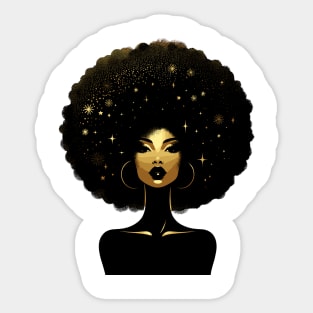 Afrocentric Queen Gold Sticker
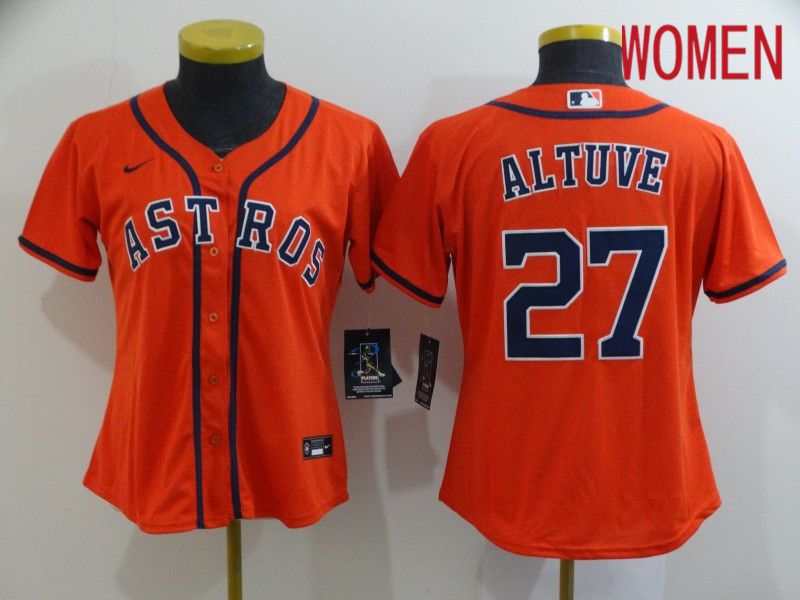 Women Houston Astros #27 Altuve Orange Nike Game MLB Jerseys
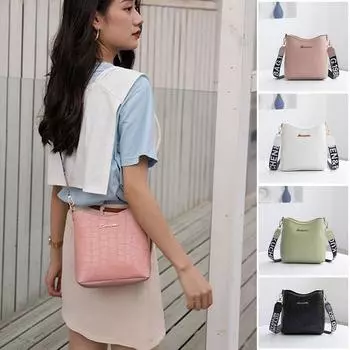 Женская сумка на одно плечо, трендовая сумка через плечо большой емкости, модная сумка-ведро с сотнями розовый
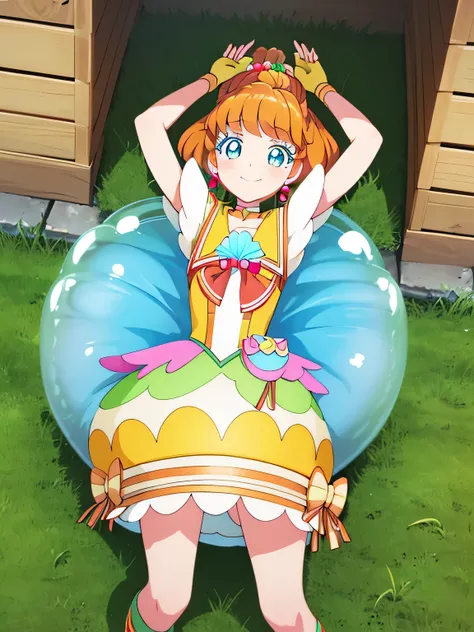 cure papaya, bubble skirt, hair bun, fingerless gloves, ribbon, earrings, hair ornament, choker, porch, yellow footwear, high quality solo, cowboy shot, lying, on back, on grass, spread arms, shy smile, closed mouth,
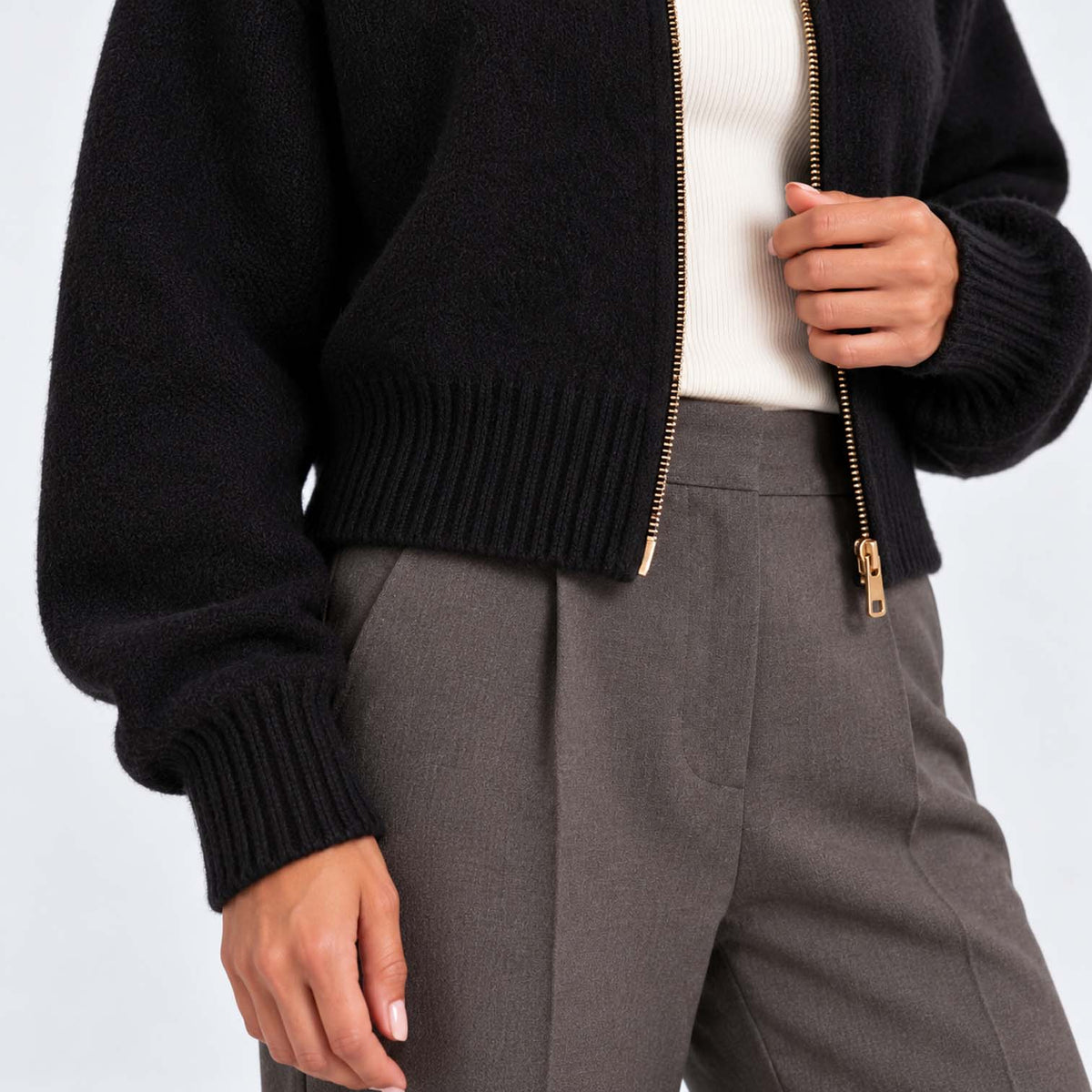 Monvaline | Women's Cropped Zip Up Cardigan Soft Knit Jumper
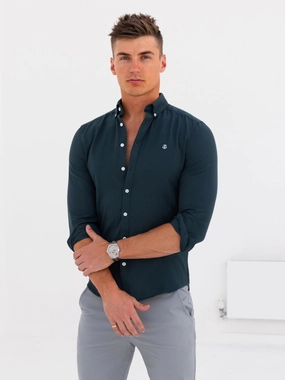 Moisture Wicking Material Multi Layer Stitching Dallas Long Sleeve Shirt - Dark Teal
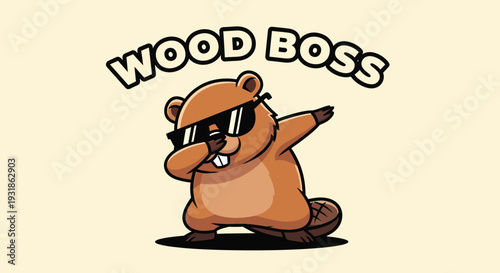 Cartoon Beaver Character with Sunglasses Gesturing.
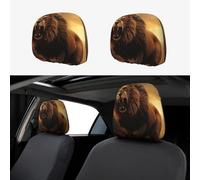 MXDLKSWPOH 1 PCS Car Headrest Covers Soft Breathable Car Seat Head Rest Covers Set Elastic Head Rest Protector Universal Auto Accessories Angry Roaring Lion Headrest Cover for Cars Sedans Vans Trucks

================================

→ EXERCISE DIRECTIONS: Repeat each line of the listing word for word, from the first through the line that contains "Cartoon Beaver Character". Any picture stays out.

→ ANSWER AREA:
 Afrocentric Queen Gold Sticker
 Women Houston Astros #27 Altuve Orange Nike Game MLB Jerseys
 Женская сумка на одно плечо, трендовая сумка через плечо большой емкости, модная сумка-ведро с сотнями розовый
 cure papaya, bubble skirt, hair bun, fingerless gloves, ribbon, earrings, hair ornament, choker, porch, yellow footwear, high quality solo, cowboy shot, lying, on back, on grass, spread arms, shy smile, closed mouth,
 Monvaline | Women's Cropped Zip Up Cardigan Soft Knit Jumper
 Moisture Wicking Material Multi Layer Stitching Dallas Long Sleeve Shirt - Dark Teal
 Cartoon Beaver Character with Sunglasses Gesturing.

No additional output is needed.